COLLECTED DATA section start
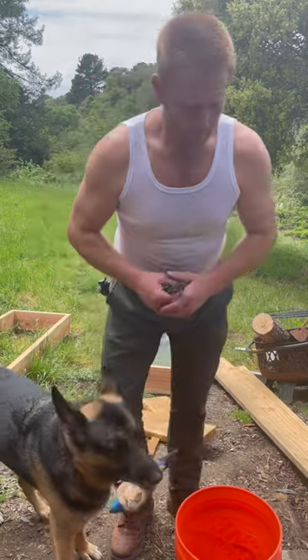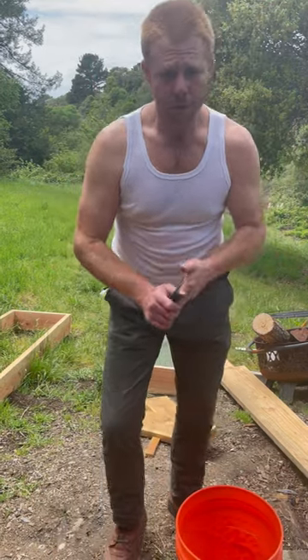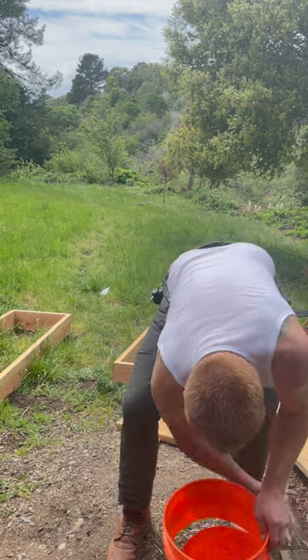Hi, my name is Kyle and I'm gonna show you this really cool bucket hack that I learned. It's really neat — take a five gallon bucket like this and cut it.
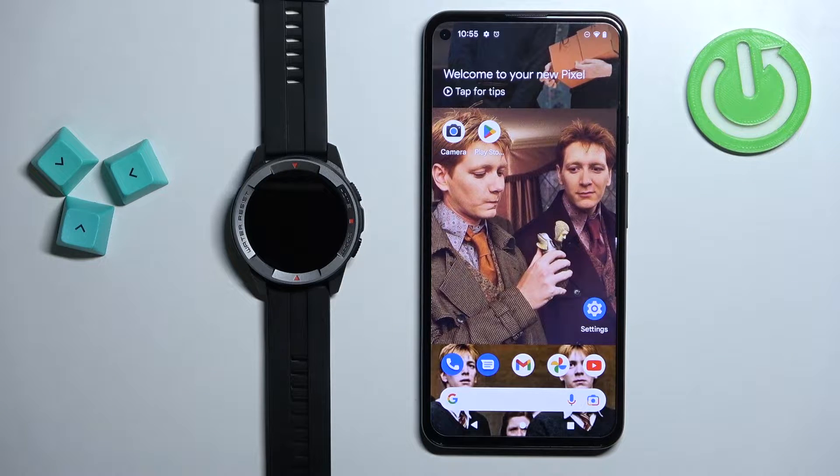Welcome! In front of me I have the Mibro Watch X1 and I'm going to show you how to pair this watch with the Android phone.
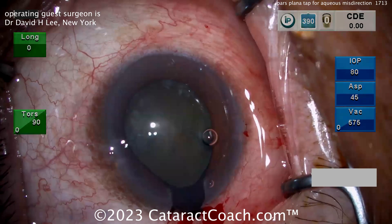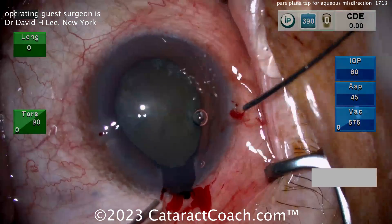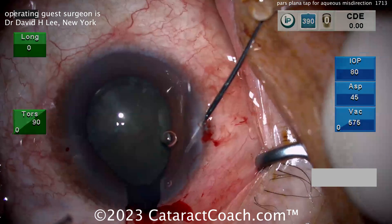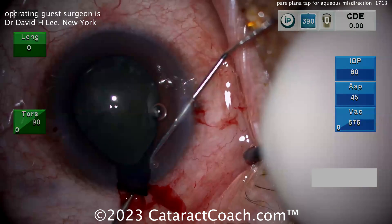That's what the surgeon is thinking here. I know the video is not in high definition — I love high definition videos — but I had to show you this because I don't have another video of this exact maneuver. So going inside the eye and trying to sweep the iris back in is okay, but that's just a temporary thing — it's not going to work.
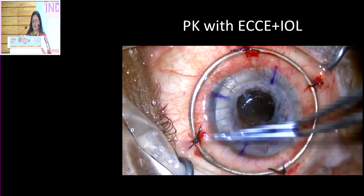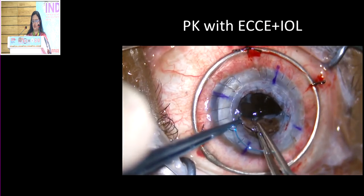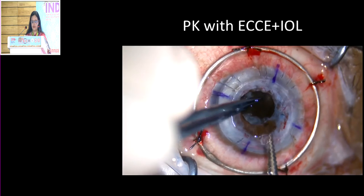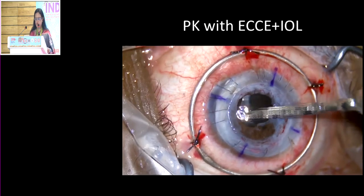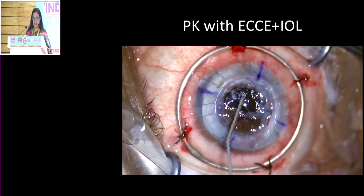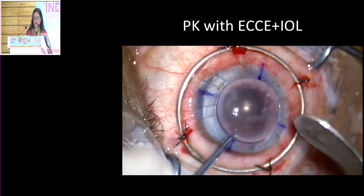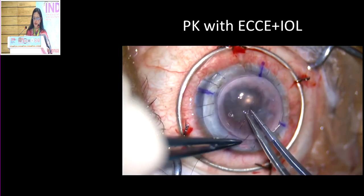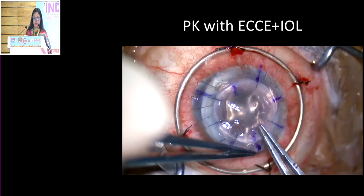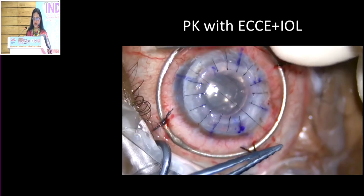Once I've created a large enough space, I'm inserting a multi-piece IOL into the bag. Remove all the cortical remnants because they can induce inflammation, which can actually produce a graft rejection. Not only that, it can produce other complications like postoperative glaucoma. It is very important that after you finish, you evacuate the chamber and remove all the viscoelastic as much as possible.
COLLECTED DATA section end
The answer should hold every line of the listing, copied exactly, with no pictures.

Hi, my name is Kyle and I'm gonna show you this really cool bucket hack that I learned. It's really neat — take a five gallon bucket like this and cut it.
Welcome! In front of me I have the Mibro Watch X1 and I'm going to show you how to pair this watch with the Android phone.
That's what the surgeon is thinking here. I know the video is not in high definition — I love high definition videos — but I had to show you this because I don't have another video of this exact maneuver. So going inside the eye and trying to sweep the iris back in is okay, but that's just a temporary thing — it's not going to work.
Once I've created a large enough space, I'm inserting a multi-piece IOL into the bag. Remove all the cortical remnants because they can induce inflammation, which can actually produce a graft rejection. Not only that, it can produce other complications like postoperative glaucoma. It is very important that after you finish, you evacuate the chamber and remove all the viscoelastic as much as possible.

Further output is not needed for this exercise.